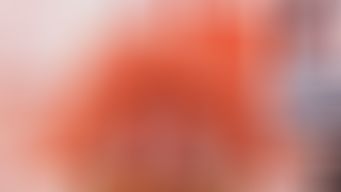 SweetNinotCHk - HI LOVES WLCOME MY ROOM 380 20 400 /800/900/1111/I HAVE FOR SALE/PVT ON/ 1300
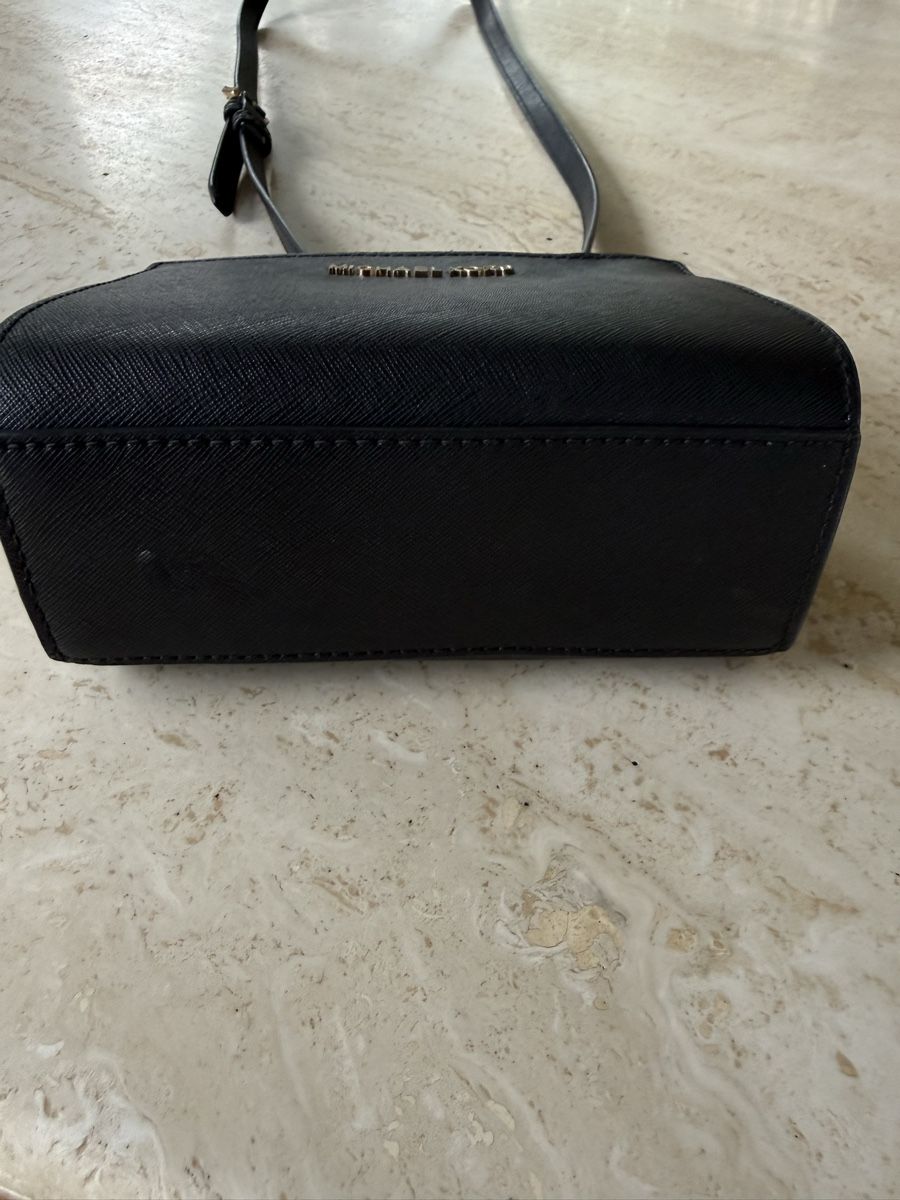 Michael Kors Taschen: Michael Kors kleine Tasche – Gebraucht aus Kreuzlingen von nik_d2fj 3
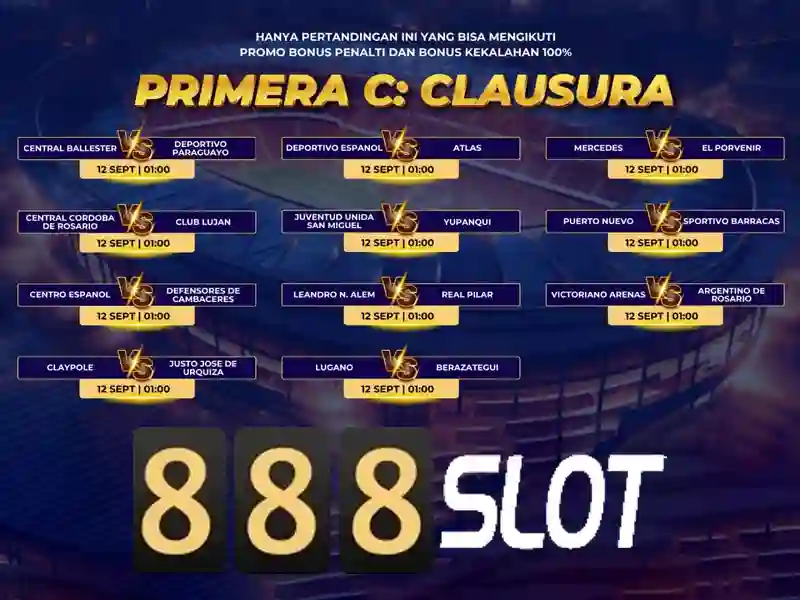 888slot: Đánh giá, trò chơi và trải nghiệm người chơi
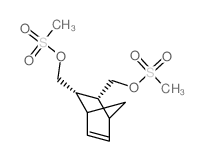 2590-37-6 structure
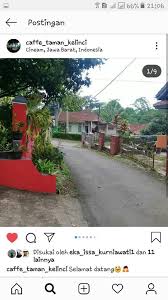 Tokio 2020 argentina y la zona d. Jl Pasirgadung Rt 05 Rw 02 Kec Caffe Taman Kelinci Facebook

_Requirement_: Only the text of the listing above is copied, exactly as written; its pictures are dropped.

_Exercise result_:
 SweetNinotCHk - HI LOVES WLCOME MY ROOM 380 20 400 /800/900/1111/I HAVE FOR SALE/PVT ON/ 1300
 Michael Kors Taschen: Michael Kors kleine Tasche – Gebraucht aus Kreuzlingen von nik_d2fj 3
 888slot: Đánh giá, trò chơi và trải nghiệm người chơi
 2590-37-6 structure
 Tokio 2020 argentina y la zona d. Jl Pasirgadung Rt 05 Rw 02 Kec Caffe Taman Kelinci Facebook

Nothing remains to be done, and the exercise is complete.